Annie Jacobsen was a high school student in 1983, when ABC television broadcast the film The Day After, about the horrors of nuclear war. She never forgot the experience. More than 100 million Americans watched and were terrified too. One of them lived in the White House. According to his biographer and his own memoirs, it helped turn Ronald Reagan into a nuclear disarmer in his second term.
Not long after, the world’s stockpile of nuclear warheads peaked and began to decline rapidly, from 70,000 to just over 12,000 currently, according to the Federation of American Scientists.
That is still enough however to reduce the Earth to a radioactive desert, with some warheads left over to make it glow. Meanwhile, the global situation is arguably the most dangerous since the Cuban missile crisis, the Russian invasion of Ukraine grinding on mercilessly and China contemplating following Moscow’s example by making a grab for Taiwan.
The danger of nuclear war is as immediate as ever but it has faded from public discourse, which is why Jacobsen, now a journalist and author, felt driven to write her new book, Nuclear War: A Scenario.
“For decades, people were under the assumption that the nuclear threat ended when the Berlin Wall went down,” Jacobsen said, before suggesting another reason the existential threat of nuclear weapons has been filtered out of mainstream discourse – it has been turned into a technical debate.
“Nuclear weapons and the whole nomenclature around them have been so rarefied it’s been reserved as a subject for those in the know,” she said.
In her book, Jacobsen seeks to break through jargon and details in order to tell a terrifying story in a devastatingly straightforward way. The spoiler alert is that it doesn’t end well.
As the book promises on the cover, it presents a single scenario for a nuclear war, set in the present day. North Korea, perhaps convinced it is about to be attacked, launches a surprise missile strike against the US, leading Washington to respond with a salvo of 50 Minuteman III intercontinental ballistic missiles (ICBMs).
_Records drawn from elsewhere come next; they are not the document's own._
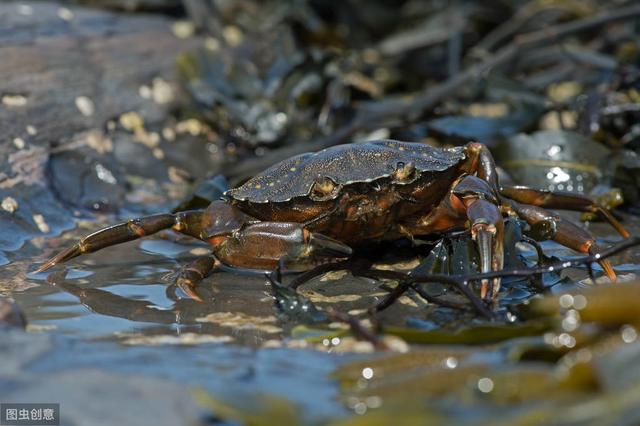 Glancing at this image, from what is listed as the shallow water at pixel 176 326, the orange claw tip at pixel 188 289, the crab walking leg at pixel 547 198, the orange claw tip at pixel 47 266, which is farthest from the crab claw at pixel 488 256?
the orange claw tip at pixel 47 266

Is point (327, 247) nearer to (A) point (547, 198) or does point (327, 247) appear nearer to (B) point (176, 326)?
(B) point (176, 326)

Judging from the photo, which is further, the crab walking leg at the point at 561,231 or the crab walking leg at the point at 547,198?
the crab walking leg at the point at 547,198

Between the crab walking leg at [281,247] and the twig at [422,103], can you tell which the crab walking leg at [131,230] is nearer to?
the crab walking leg at [281,247]

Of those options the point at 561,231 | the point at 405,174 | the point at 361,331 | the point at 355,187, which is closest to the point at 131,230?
the point at 355,187

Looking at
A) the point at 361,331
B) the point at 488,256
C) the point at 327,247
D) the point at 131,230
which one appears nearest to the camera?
the point at 361,331

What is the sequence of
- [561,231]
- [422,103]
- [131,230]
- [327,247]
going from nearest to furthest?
[327,247]
[561,231]
[131,230]
[422,103]

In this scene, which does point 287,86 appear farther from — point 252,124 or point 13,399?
point 13,399
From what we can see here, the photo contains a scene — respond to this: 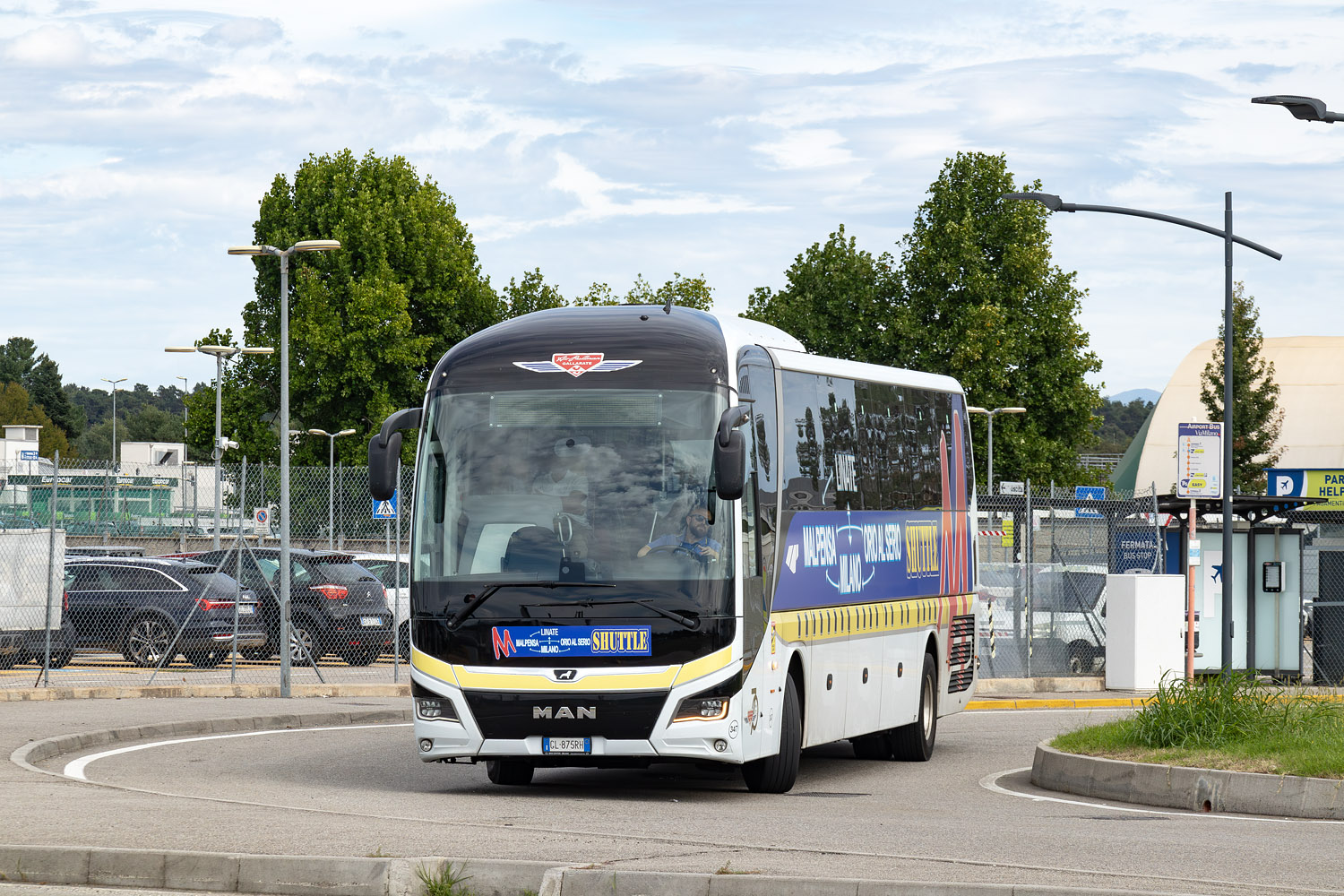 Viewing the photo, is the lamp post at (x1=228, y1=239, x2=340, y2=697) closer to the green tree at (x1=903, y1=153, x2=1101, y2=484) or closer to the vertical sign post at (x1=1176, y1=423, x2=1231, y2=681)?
the vertical sign post at (x1=1176, y1=423, x2=1231, y2=681)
These are aimed at North Korea’s weapons sites and command centres, but in order to reach their intended targets the missiles have to fly over Russia, because they do not have the range to use any other route.
All too aware of the danger of miscalculation, the US president tries to get hold of his Russian counterpart. But the two men and the countries they run are not getting on, and he fails. Making things even worse, Russia’s dodgy satellite early warning system, Tundra, has exaggerated the scale of the US salvo, and from his Siberian bunker, the Russian president (Vladimir Putin in all but name) orders an all-out nuclear attack on the US.
The scenario is based on known facts concerning the world’s nuclear arsenals, systems and doctrine. Those facts are all in the public domain, but Jacobsen believes society has tuned them out, despite (or perhaps because of) how shocking they are.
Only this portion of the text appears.